Review by Shivan Reincarnated

Reviewed: 12/04/06

This game isn't THAT bad

Final Fantasy II was originally released for the NES only for Japan. It was to follow up the game that saved Square from bankruptcy, Final Fantasy. Places outside of Japan were able to play Final Fantasy II first on “Final Fantasy Origins” for the PSX but soon afterwards Final Fantasy II was part of Final Fantasy: Dawn of the Souls for the GBA. At this point, pretty much everyone had access to Final Fantasy II. Unfortunately, Final Fantasy II ultimately ended up getting rather bad reviews and is often seen as one of the worst Final Fantasies. Having played Final Fantasy II, I really don’t think it’s that bad. I can see where the complaints are coming from but I feel they are blown way out of proportion. Final Fantasy II still isn’t a great game and I’d say it’s on the lower end of the Final Fantasy spectrum but it still wasn’t terrible. It’s almost as good as the original actually.

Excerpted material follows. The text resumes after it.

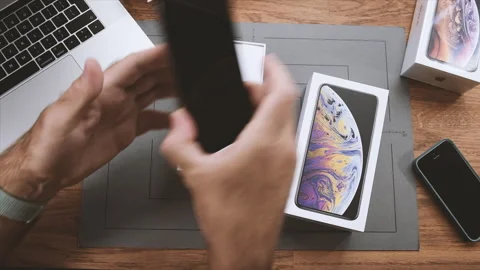 Unboxing in creative environment room table new latest Apple Computers Stock Footage 250050049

Final Fantasy II does place a much bigger emphasis on storyline and characters than Final Fantasy did. In Final Fantasy, you couldn’t name your characters but in Final Fantasy II you can. The storyline starts off with empire of Palamecia and its ruthless emperor attempting to take over the world. When a rebel army from the town of Fynn rose to challenge the empire, they were crushed and four people found themselves fleeing from this incident. The main character is Firion. Firion reminds me a lot of Cecil from Final Fantasy IV although his character development is lacking. Of course, this was an NES game so it’s quite alright. In addition to Firion, there is Maria who is a young woman looking for her brother Leon. Also joining you is the unique Guy, who is your gentle idiotic giant that can speak to beavers. How many characters can speak beaver? Final Fantasy II was a game of many firsts. To start, the tradition of Cid actually began in this game and not the original Final Fantasy. There was no Cid in the original Final Fantasy although they added a Cid in Dawn of Souls to FF1. Also, chocobos were first introduced in this game. Lastly, many enemies that would become tradition were first introduced in this game. Malboros and Hecteyes come to mind. The storyline to this game was a move in a different direction that would impact future games. There is a fairly high emphasis on story and characters, at least compared to most NES games.

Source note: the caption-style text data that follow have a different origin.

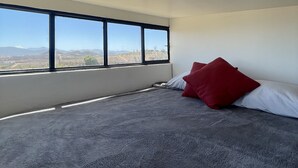 A bedroom with a large window, a bed with grey and white bedding, and a red pillow. - Wine country In Valle de Guadalupe (Valle de Guadalupe)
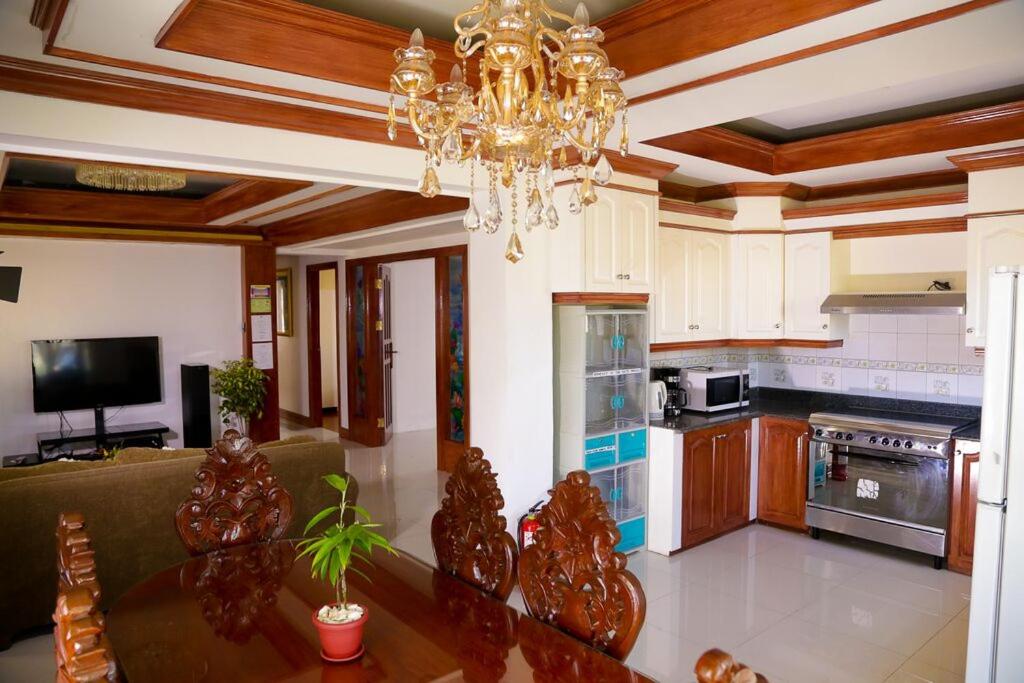 A kitchen or kitchenette at Florabells Iraya Guest House - Batanes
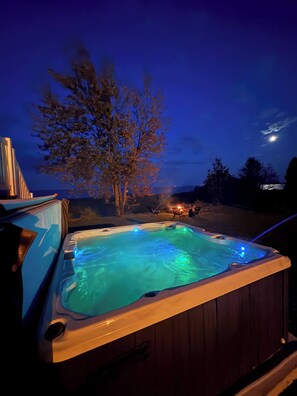 A hot tub with a wooden exterior and a pool of water, surrounded by trees and a clear sky.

The game play is what seems to be the biggest complaint about this game. Gone is the way of gaining experience from random battle. Gone are the levels of characters. Instead, the development system is implemented. I’ll be honest, the development system sucks. Since you aren’t gaining experience and growing levels through battles, there has to be another way to enhance stats. In the development system, for you to gain HP, you need to lose HP in battle. For you to increase your strength, you need to keep attacking in battle. Casting white magic would raise your sprit while black magic increases intelligence. Increasing magic in general helps to raise both Magic stat and MP. You can see how this isn’t really fun. You really have to take damage to raise stats? Also, this system is very easy to abuse. If you haven’t already guessed, attacking yourselves would really increase the rate at which you gain HP and strength as well as stamina. Skill Mastery is a better part of the game. All spells from Fire to Cure, from Blind to Ultima all start all level 1. The more often you use that magic, the more it will increase your gauge bar and when the gauge bar fills up, that magic level increases. The higher the magic level, the more effective it is obviously. This works with weapons and even shields too. For weapons, the more you use a certain weapon (Sword, staff, spear, knife, axe etc) the more it’s weapon level will increase. A little extra feature is the learning system. Sometimes, important words or phrases will be said to you and highlighted in red. “You then can learn this phrase and ask certain people. Sometimes they’ll know something and give you vital information.

The soundtrack still retains it’s simple, concise, classic soundtrack that was found in Final Fantasy. While there wasn’t anything overly impressive, there were a couple boss themes that I found to be pretty good. The graphics are a notch up from the original as the enemies have more color and detail. There are also the beginnings of rendered “cut-scenes” in this game. While they are a joke compared to say, Final Fantasy X, they were impressive during the NES era. Well, to the Japanese anyway. This game can be very difficult or it can de mildly challenging depending on how you raise your stats. It’s very smart to take a lot of time to raise your stats at the beginning or even use the cheap method because this game does prove to be a bit challenging despite a broken battle system. Overall, I liked this game. I can say I understand the complaints of this game with the battle system. But to deserve a score of 2 or 3? I don’t think so. Final Fantasy II still proves to be an important member of the Final Fantasy series.